There are numerous Python/Solr libraries out there, each having a different subset of functionality. Obviously, as per Murphy's law, none of them had a set of features I required. So I rolled my own - PySolarized!

I wrote PySolarized because I needed a Solr connector which would dispatch and query documents to multiple cores.

To use PySolarized just grab it from PyPi:

pip install pysolarized

1. Create an instance of Solr object.

For a simple single-server configuration pass server endpoint as a string

import pysolarized
solr = pysolarized.solr.Solr("http://localhost:8080/solr/core1")
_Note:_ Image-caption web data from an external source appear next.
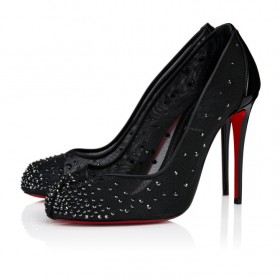 Christian Louboutin Bridiela Una Strass 100 Mm Pumps Strass Mesh And Patent Calf Leather Black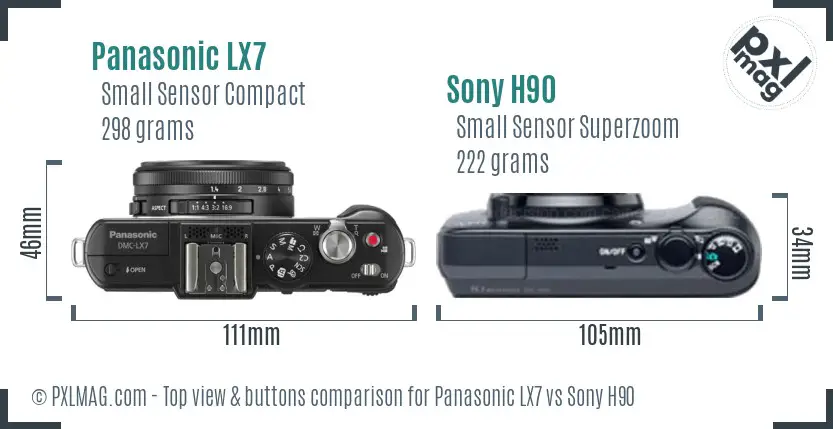 Panasonic LX7 vs Sony H90 top view buttons comparison Panasonic LX7 vs Sony H90 top view buttons comparison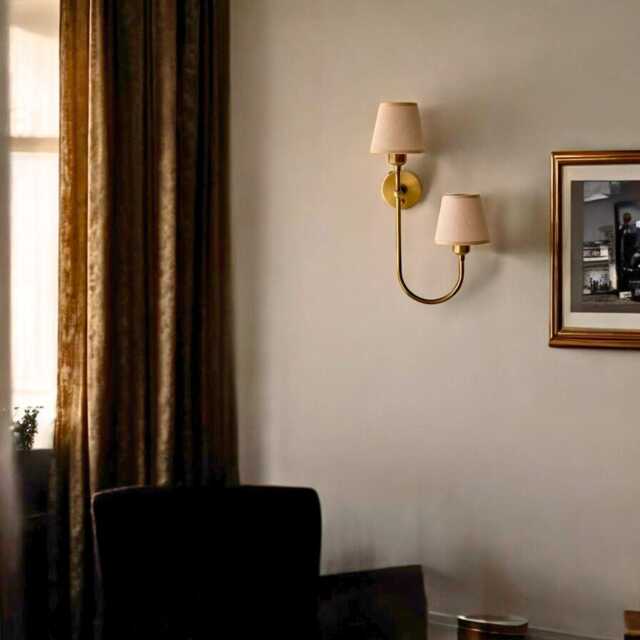 Aged Brass Plug in Wall Sconce Pair, Vintage Lamp, Retro Ambient Lighting - image 1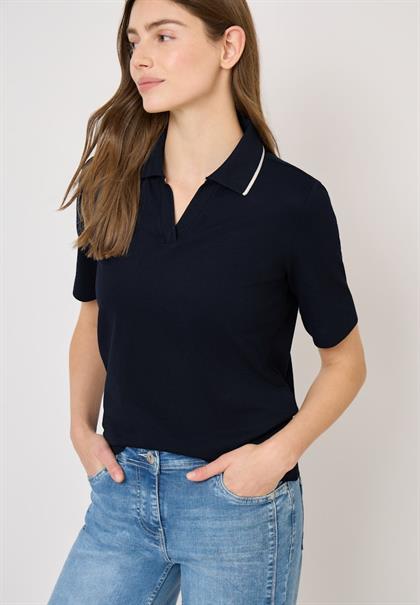 Kurzarm Poloshirt aus Piqué Ware universal blue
If you want to use multi-language / multicore configuration pass dictionary of cores with their language identifiers:

import pysolarized
solr = pysolarized.solr.Solr({"en": "http://localhost:8080/solr/core-en", "si": "http://localhost:8080/solr/core-si"}, default_endpoint="en")

Afterwards, you use this solr instance to communicate with Solr server.

2. Query

Use query method on the created solr instance.
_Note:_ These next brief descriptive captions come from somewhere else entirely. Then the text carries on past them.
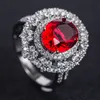 Inlaid Full Zircon Wedding Rings for Women Fashion Big Red Crystal Princess Rings Banquet Party Bride Jewelry Bague4056686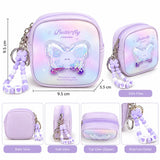 Butterfly Paradise Mini Coin Purse with Beaded Keychain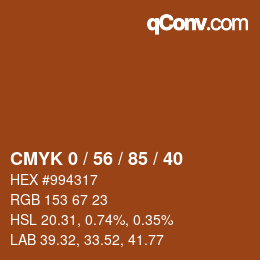 Color code: CMYK 0 / 56 / 85 / 40 | qconv.com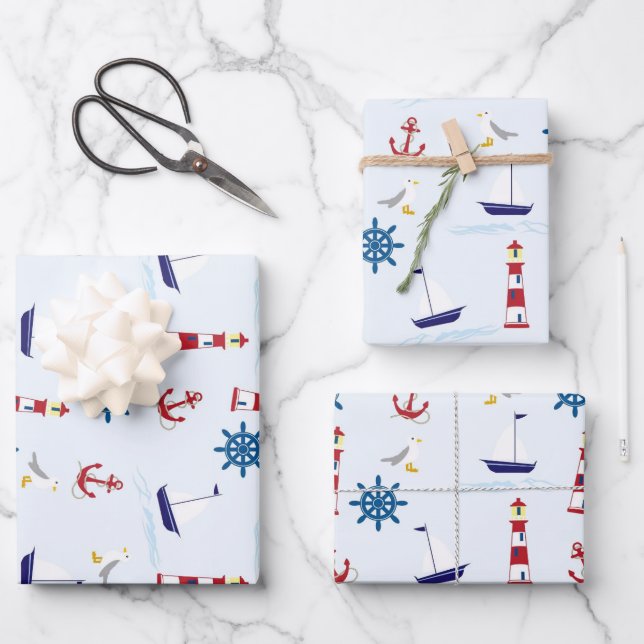 Cute Nautical Lighthouse Ship and Sea Gull Blue Wr Wrapping Paper Sheet (Front)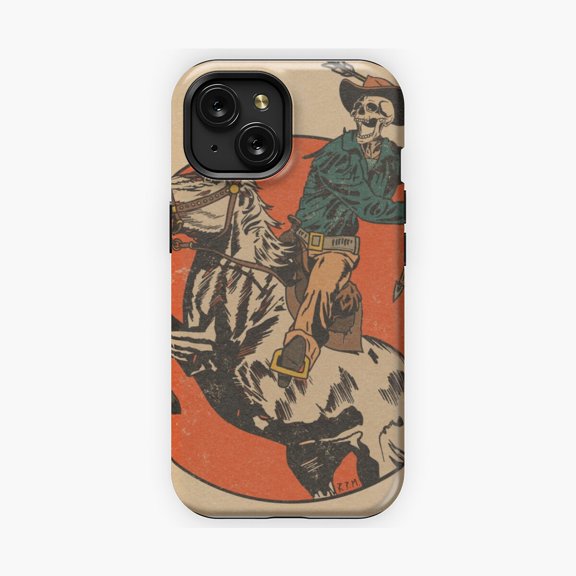 Protective iPhone Case Wild West Rider Western Artwork Phone Case IP15 Magnetic MagSafe Compatible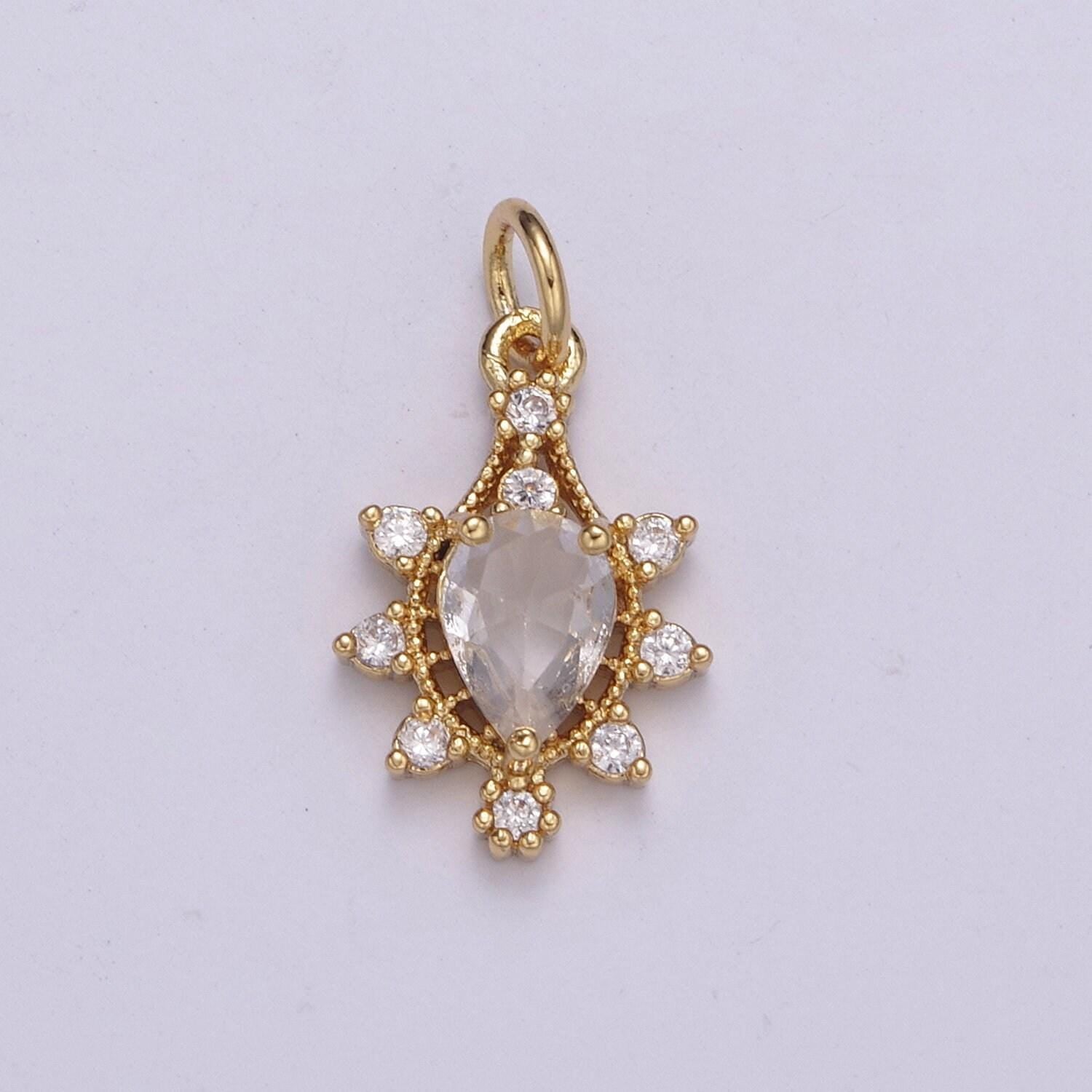Gold flower pear cut cz green solitaire cz charm, tear drop clear zirconia pendant, classic cubic pave for diy craft making. c-202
results = solr.query("Ljubljana", 
                    filters = {"country": "Slovenia" },
                    columns = ["id", "city_name"],
                    sort = ["city_name desc"],  
                    start = 0,
                    num_rows = 20)                  

The query method will automatically query all configured Solr cores and return aggregated results.

3. Insert documents

To send new documents to Solr server you just pass a list of documents in dictionary form to the add method:

solr.add([ { "id": "c1en", "city_name": "Vienna", "country": "Austria", "language": "en" }, 
           { "id": "c1si", "city_name": "Dunaj", "country": "Avstrija", "language": "si"}])

PySolarized will use value of the language field to choose which core to send the document to - e.g. "language": "si" field in the document will cause PySolarized to send document to core with si identifier. Documents with unknown or missing language value will be sent to default endpoint. Don't forget to call commit to commit changes in documents.

PySolarized can also delete documents, clear are cores and do “More Like This” queries. Project is available on GitHub with a detailed documentation for rest of the functionality.